システム開発には複数の種類があり、それぞれが特徴を持っています。「オープン系システム」もその1つであり、すでに多くの開発現場で採用されています。システム開発に興味があるエンジニアや、これからIT系の職業に就きたいと考えている方は、オープン系システムを含めた開発手法について調べておくのがおすすめです。
本記事では、オープン系システムの特徴やメリット・デメリット、担当するエンジニアになるための方法について解説します。
目次
1.オープン系システムとは?
オープン系システムを使うエンジニアになるには、まず「オープン系システムとは何か?」という点を理解する必要があります。
以下では、オープン系システムの基本を解説します。
ソースコードや技術仕様が公開されているソフトで作成したシステムのこと
オープン系システムとは特定のハードウェアやプロプライエタリなソフトウェアに依存せず、オープンな標準や技術に基づいて、異なる環境やシステム間で相互運用性を確保しながらシステム開発を行う手法です。
すでに形になっているコードや技術を活用できるため、スムーズなシステム開発に応用可能です。
オープン系システムは自由度が高く、あらゆる環境下で活用できます。
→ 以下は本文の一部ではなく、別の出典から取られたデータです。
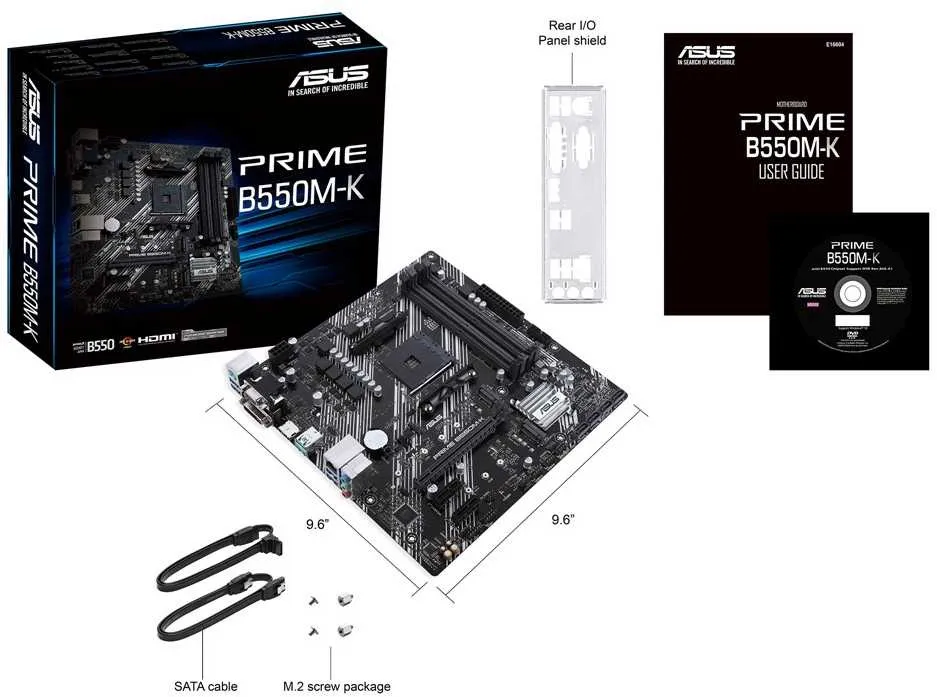 Материнская плата ASUS PRIME B550M-K, Socket AM4, B550, 4*DDR4, D-Sub+DVI+HDMI, SATA3 + RAID, Audio, Gb LAN, USB 3.2*8, USB 2.0*4, COM*1 header (w/o cable), mATX ; 90MB14V0-M0EAY0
既存のシステムに組み合わせたり、最新の技術を導入して作業環境を整えたりと、さまざまな用途が考えられるでしょう。
自社の要望に合わせた利用を検討できるため、オープン系システムはさまざまなシーンでの利用が検討できます。
Web系・汎用系システムなどとの違い
オープン系システムの他にも、システム開発には多くの種類があります。
例えば以下の種類が、システム開発の現場で採用されています。
オープン系システム
WEB系システム
汎用系システム
組み込み系システム
パッケージ系システム
一般的にシステム開発では、上記の種類から最適なものが利用されます。WEB系システムは主にWebサイトやモバイルサイトの開発に用いられ、大手サービスの開発でも採用されているのが特徴です。
汎用系システムとはホストコンピュータでの開発環境に使用されるもので、エラーを避けるために堅牢なセキュリティやリアルタイムでの処理を必要とするシステムで採用されています。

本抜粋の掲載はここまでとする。